New York Times. Nationalism at its nastiest
During the genocide of Armenians in Baku on January 19 an article was published at the New York Times under a very eloquent title "Nationalism at its nastiest ", excerpts of which are presented below. It should be mentioned that the data in the article feature the bloody events of January 13-19, and the entrance of the Soviet troops on January 20 - the date that is exposed in Baku hypocritically as a “tragedy of the struggle for independence” - and today sound adequately and timely.
New York Times, January 19, 1990
Azerbaijan is no Lithuania. True, resurgent nationalism arouses people in the Caucasus just as it arouses the Baltic republics. But there the comparison ends – and the trouble for Moscow begins.
Nationalists in Lathuania are struggling to wrest independence from Moscow by nonviolent, political means. Nationalists in Azerbaijan also talk of independence, but their protest includes bloody pogroms against their Armenian neighbors. Nor do Azerbaijani nationalists limit their actions to Soviet Azerbaijan. They transgress the border with Iran to make common cause with Azerbaijan there.
Mikhail Gorbachev seems prepared to bargain with Lithuania’s nationalists. But Azerbaijan’s violent nationalists leave him no choice but to send in the troops.

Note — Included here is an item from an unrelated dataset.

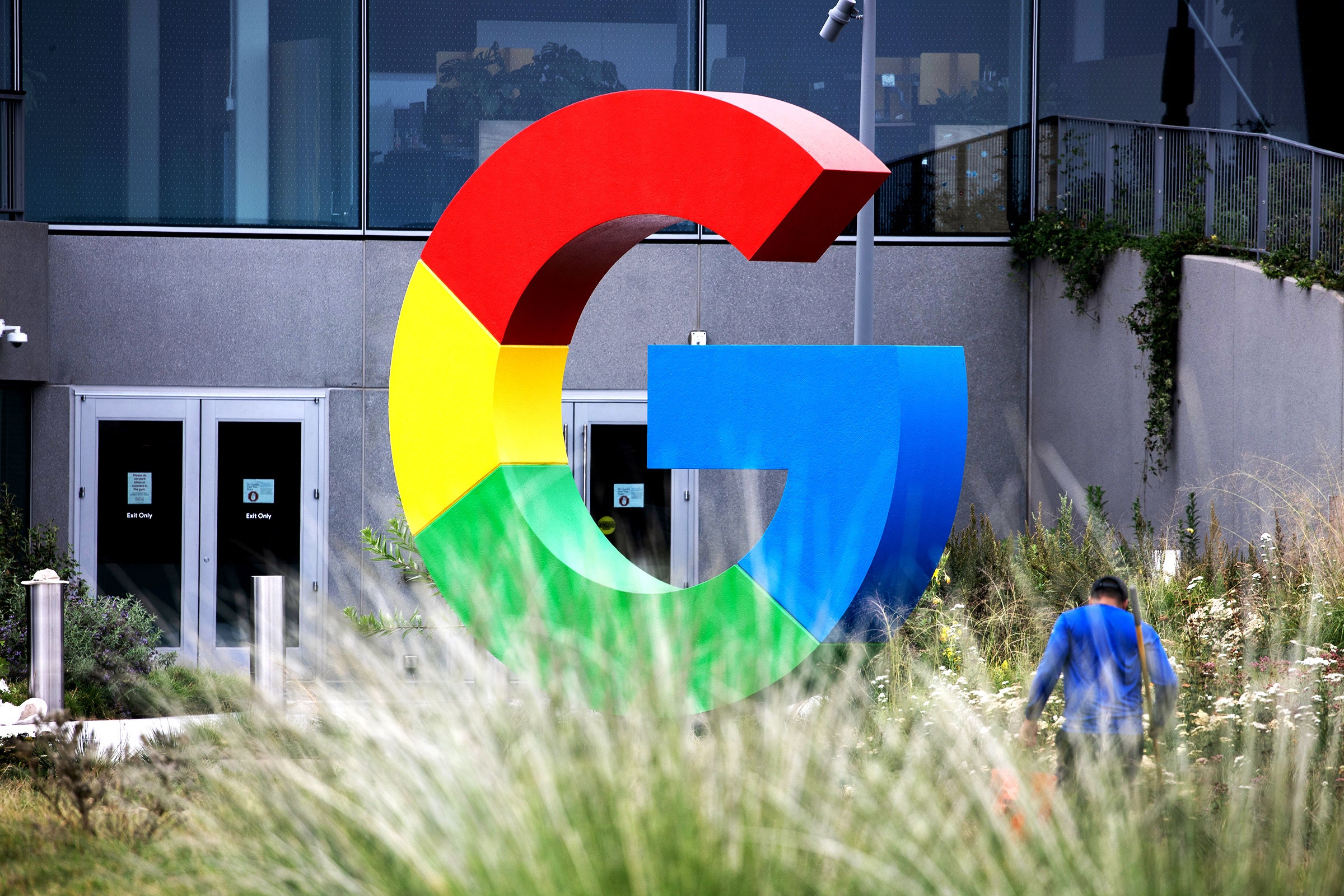 Google Workers Urge Cut Ties with Israeli Conference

(...) This week’s massacre in Baku, of predominantly Christian Armenians by Muslim Azerbaijanis, shows nationalism at its nastiest. Generations of religious hatred erupted in spasmodic violence two years ago as Armed Azerbaijanis rampaged through the town of Sumgait and slaughtered 32 people, mostly Armenians. After the 1988 earthquake that killed 25.000 Armenians, Azerbaijanis blocked railways to Armenia, holding up aid. Now the rivals vie for control of Nagorno-Karabakh, an Armenian enclave that Stalin incorporated into Azerbaijan.